BEGIN Entries provided

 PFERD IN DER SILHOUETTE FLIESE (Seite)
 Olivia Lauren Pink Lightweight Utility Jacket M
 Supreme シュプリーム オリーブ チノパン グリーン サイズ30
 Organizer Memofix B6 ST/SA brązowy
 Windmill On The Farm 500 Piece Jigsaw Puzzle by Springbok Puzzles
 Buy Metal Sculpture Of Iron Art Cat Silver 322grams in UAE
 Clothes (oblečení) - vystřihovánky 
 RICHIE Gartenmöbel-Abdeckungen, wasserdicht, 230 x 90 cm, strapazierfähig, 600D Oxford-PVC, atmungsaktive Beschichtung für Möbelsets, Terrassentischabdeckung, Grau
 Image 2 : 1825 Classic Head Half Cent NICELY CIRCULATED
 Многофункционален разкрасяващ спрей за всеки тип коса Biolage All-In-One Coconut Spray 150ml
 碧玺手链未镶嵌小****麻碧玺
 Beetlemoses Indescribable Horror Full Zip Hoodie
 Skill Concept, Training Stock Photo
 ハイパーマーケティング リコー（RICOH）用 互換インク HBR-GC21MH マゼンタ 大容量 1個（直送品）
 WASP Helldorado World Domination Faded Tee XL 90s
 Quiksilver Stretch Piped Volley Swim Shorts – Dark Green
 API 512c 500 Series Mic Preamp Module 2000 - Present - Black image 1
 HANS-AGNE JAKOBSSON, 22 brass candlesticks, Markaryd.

END Entries provided

Work to be completed
The lines from the one with "WASP Helldorado World" through the final line of the data are to be reproduced exactly, both included, with no other lines.

Answer space
 WASP Helldorado World Domination Faded Tee XL 90s
 Quiksilver Stretch Piped Volley Swim Shorts – Dark Green
 API 512c 500 Series Mic Preamp Module 2000 - Present - Black image 1
 HANS-AGNE JAKOBSSON, 22 brass candlesticks, Markaryd.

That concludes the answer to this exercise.